IPv4 addresses use 32 bits represented as four octets in dotted decimal notation (192.168.1.100). IPv6 addresses use 128 bits represented as eight groups of four hexadecimal digits (2001:0db8:85a3:0000:0000:8a2e:0370:7334). The subnet mask determines which bits represent the network and which represent hosts.

require 'ipaddr'

# Creating IPv4 address
ip = IPAddr.new("192.168.1.100/24")
puts ip.to_s          # => "192.168.1.100"
puts ip.prefix        # => 24
puts ip.netmask       # => "255.255.255.0"

Network administrators use subnetting to create logical network segments within larger address spaces. A Class C network (192.168.1.0/24) contains 256 addresses, but subnetting divides this into smaller ranges for different departments, VLANs, or security zones. Each subnet requires its own network and broadcast address, reducing usable host addresses.

Key Principles

IP addresses operate at Layer 3 of the OSI model, providing logical addressing independent of physical network topology. The address structure consists of two components: network bits (prefix) and host bits (suffix). The boundary between these components determines the subnet size and the number of available host addresses.

Subnet masks use consecutive 1 bits for the network portion and consecutive 0 bits for the host portion. A mask of 255.255.255.0 (binary 11111111.11111111.11111111.00000000) indicates the first three octets identify the network and the last octet identifies hosts. CIDR notation expresses this as /24, representing 24 network bits.

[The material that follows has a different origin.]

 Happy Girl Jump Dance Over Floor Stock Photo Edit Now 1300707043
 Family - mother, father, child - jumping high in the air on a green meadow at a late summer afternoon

Binary operations determine subnet membership. The bitwise AND operation between an IP address and subnet mask produces the network address. Two addresses belong to the same subnet when their network addresses match.

require 'ipaddr'

# Network address calculation
ip1 = IPAddr.new("192.168.1.100")
ip2 = IPAddr.new("192.168.1.200")
mask = IPAddr.new("255.255.255.0")

network1 = ip1 & mask
network2 = ip2 & mask

puts network1 == network2  # => true (same subnet)

Subnetting follows specific mathematical rules. For a given prefix length, the number of subnets equals 2^borrowed_bits, where borrowed_bits represents bits taken from the host portion. The number of hosts per subnet equals 2^host_bits - 2, subtracting two addresses reserved for network and broadcast.

Address classes historically divided the IPv4 space, though classless routing (CIDR) replaced this system. Class A networks (0.0.0.0 to 127.255.255.255) used /8 prefixes. Class B networks (128.0.0.0 to 191.255.255.255) used /16 prefixes. Class C networks (192.0.0.0 to 223.255.255.255) used /24 prefixes. Modern networks use variable-length subnet masks (VLSM) for efficient address allocation.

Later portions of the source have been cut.